Colorectal Cancer

Together, cancers of the colon and rectum are among the most common cancers in the United States. Such cancers occur in both men and women and often among people who are over the age of 50.

Risk Factors

  • Age — Colorectal cancer is more common in people over the age of 50.
  • Diet — Colorectal cancer seems to be associated with diets high in fat and calories and low in fiber.
  • Family Medical History — Parents, siblings and children of a person who has had colorectal cancer are somewhat more likely to develop this type of cancer, especially if the relative had the cancer at a young age.
  • Personal Medical History — Women with a history of cancer of the ovary, uterus or breast have a somewhat increased chance of developing colorectal cancer. Also, a person who has already had colorectal cancer may develop this disease a second time.
  • Polyps — Benign growths on the inner wall of the colon and rectum and some types of polyps increase a person's risk of developing colorectal cancer.
  • Ulcerative Colitis — Ulcerative colitis is a condition in which the lining of the colon becomes inflamed.
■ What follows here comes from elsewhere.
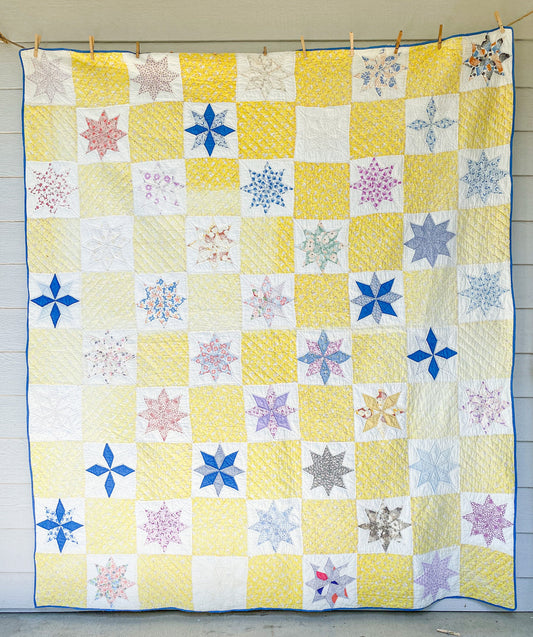 Vintage Yellow and Blue Eight Point Star Quilt, c1950s, 79" x 76"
This condition increases a person's chance of developing colorectal cancer.

Symptoms

  • Abdominal discomfort (frequent gas pains, bloating, fullness and/or cramps)
  • Blood (bright red or very dark) in the stool
  • Change in bowel habits
  • Constant tiredness
  • Constipation or diarrhea
  • Stools narrower than usual
  • Weight loss (for no known reason)
  • Vomiting

Diagnosis

To determine the cause of the symptoms, your physician will conduct a physical exam and evaluate your medical history. One or more of the following tests may be administered:

  • Biopsy — A tissue sample is removed and examined under a microscope by a pathologist.
  • Colonoscopy — This procedure enables the physician to see inside the rectum and the colon to remove polyps or other abnormal tissue for examination under a microscope.
  • Polypectomy — This procedure removes a polyp during a sigmoidoscopy or colonoscopy.
  • Sigmoidoscopy — This procedure enables the doctor to see inside the rectum and the lower colon to remove polyps or other abnormal tissue for examination under a microscope.
  • X-rays can reveal polyps or other changes.